Ralph S. Pierce, of Seattle, for appellant.

Adam Beeler, of Seattle, for respondent.

BRIDGES J.

The jury would have been justified in believing the following to be the facts in this case: About 7 o'clock of an evening in February, 1925, when it was dark, the plaintiff was walking southerly on the westerly sidewalk of Third avenue in Seattle. When he came to Jefferson street which runs diagonally to Third avenue, and before stepping off of the sidewalk into that street, he looked to the left to see if any traffic was approaching. He saw the defendant's taxicab going northerly on the avenue. It was probably a little south of the intersection, and was going at such speed as that the plaintiff thought and had reason to believe that it intended to continue northerly on the avenue and not to turn into Jefferson street. After he had advanced from three to five steps into the street he was struck by the right-hand front fender of the taxicab and was thrown a distance of 12 or 15 feet. At the time of striking the plaintiff, or immediately before, the taxicab was going at a 'pretty fast clip.' The headlights of the automobile were burning and the horn was not blown.

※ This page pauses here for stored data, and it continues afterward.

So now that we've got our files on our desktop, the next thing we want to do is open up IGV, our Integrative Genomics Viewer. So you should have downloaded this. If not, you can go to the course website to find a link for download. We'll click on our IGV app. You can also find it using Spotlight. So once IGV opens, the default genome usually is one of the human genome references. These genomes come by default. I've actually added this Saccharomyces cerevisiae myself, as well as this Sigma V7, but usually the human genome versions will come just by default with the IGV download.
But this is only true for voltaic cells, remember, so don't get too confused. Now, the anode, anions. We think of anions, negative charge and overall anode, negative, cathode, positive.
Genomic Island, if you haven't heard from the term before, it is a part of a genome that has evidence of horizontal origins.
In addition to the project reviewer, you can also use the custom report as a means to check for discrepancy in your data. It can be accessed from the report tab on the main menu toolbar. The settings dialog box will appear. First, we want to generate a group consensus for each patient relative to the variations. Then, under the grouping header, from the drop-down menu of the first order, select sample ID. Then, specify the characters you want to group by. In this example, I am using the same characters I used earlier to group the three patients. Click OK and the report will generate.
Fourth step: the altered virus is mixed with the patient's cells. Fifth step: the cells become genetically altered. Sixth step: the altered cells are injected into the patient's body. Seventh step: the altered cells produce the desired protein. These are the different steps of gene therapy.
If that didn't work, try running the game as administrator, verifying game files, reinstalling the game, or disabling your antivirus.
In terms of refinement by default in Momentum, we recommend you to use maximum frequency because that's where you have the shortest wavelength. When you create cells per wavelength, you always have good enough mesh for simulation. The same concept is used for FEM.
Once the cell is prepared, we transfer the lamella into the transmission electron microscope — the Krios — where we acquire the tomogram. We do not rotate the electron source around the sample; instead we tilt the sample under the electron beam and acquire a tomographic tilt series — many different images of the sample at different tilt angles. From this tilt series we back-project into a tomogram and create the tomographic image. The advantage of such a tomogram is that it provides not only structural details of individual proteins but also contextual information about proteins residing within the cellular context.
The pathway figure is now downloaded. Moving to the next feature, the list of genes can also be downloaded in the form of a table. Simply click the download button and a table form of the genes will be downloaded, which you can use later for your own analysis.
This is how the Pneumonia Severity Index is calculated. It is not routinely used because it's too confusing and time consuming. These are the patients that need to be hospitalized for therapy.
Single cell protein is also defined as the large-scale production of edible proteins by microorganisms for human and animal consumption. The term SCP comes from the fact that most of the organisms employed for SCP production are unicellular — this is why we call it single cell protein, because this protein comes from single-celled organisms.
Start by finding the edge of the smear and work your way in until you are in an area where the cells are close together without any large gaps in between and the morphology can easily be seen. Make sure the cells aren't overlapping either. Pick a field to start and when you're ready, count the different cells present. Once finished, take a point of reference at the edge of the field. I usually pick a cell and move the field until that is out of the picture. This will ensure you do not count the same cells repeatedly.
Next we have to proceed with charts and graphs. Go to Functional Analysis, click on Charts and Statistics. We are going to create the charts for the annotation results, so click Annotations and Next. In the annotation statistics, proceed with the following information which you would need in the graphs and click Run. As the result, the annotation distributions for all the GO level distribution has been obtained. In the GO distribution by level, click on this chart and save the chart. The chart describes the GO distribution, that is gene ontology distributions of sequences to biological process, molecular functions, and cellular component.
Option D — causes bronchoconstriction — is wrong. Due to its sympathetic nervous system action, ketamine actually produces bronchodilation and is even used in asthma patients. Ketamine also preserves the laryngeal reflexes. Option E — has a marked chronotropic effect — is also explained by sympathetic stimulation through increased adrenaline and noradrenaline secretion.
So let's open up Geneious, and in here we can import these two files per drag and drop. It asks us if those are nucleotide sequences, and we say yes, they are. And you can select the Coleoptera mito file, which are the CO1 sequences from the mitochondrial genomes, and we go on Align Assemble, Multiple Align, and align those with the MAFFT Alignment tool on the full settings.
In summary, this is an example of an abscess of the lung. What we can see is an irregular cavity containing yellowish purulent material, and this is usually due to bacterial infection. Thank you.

The testimony of the driver of the auto contradicts much of that above mentioned, but since the jury returned a verdict in favor of the plaintiff we must look at the testimony from the view most favorable to him.

The appellant first insists that the testimony conclusively shows that the respondent was guilty of contributory negligence and that for that reason the trial court should have granted its motion for nonsuit or its motion for judgment notwithstanding the verdict. We are of the opinion, however, that the matter of respondent's negligence was a question for the jury. Before stepping into Jefferson street, he did what we have often said should be done under like circumstances; that is, looked to his left to see whether there were any approaching vehicles, and saw the appellant's taxicab, but it was still on Third avenue, and in such position and going at such speed as that he did not think it intended to turn into Jefferson street, and it is plain to us that he had reason to so conclude. According to his testimony, he had advanced some 10 or 15 feet in the street before he was hit. This would probably take him to or beyond the middle of the paved portion of Jefferson street. If this testimony is to be believed, he had a right to think that he was out of the path of automobiles which might be going westerly on Jefferson street, and it was his duty then to pay attention to traffic which might be approaching Third avenue on Jefferson street from the west, and this, he testified, is what he did. This testimony is amply sufficient, under all of our decisions, to present a question to be determined by the jury.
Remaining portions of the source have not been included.